* _Action item_: The expected output is an exact copy of each line from the line with "The Art of the Impressionists" through the end of the data below, with no pictures in it.

* _Information supplied_:

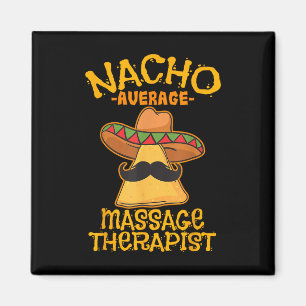 Nacho Average Magier Meuse Cinco De Mayo P Magnet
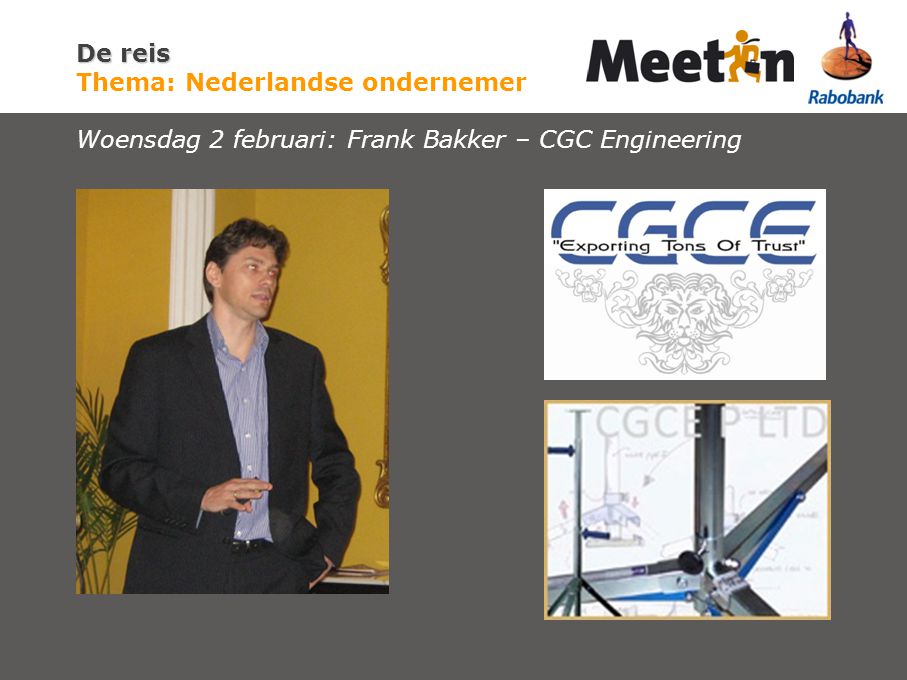 De reis De reis Thema: Nederlandse ondernemer Woensdag 2 februari: Frank Bakker – CGC Engineering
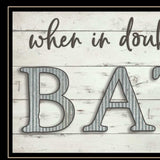 When in Doubt Take a Bath 3 Black Framed Print Bathroom Wall Art - Homeroots - Flyclothing LLC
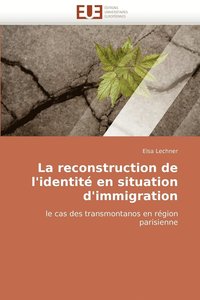 bokomslag La Reconstruction de L''Identite En Situation D''Immigration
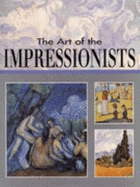 The Art of the Impressionists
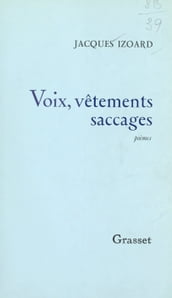 Voix, vêtements, saccages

* _The completed task_:
 The Art of the Impressionists
 Voix, vêtements, saccages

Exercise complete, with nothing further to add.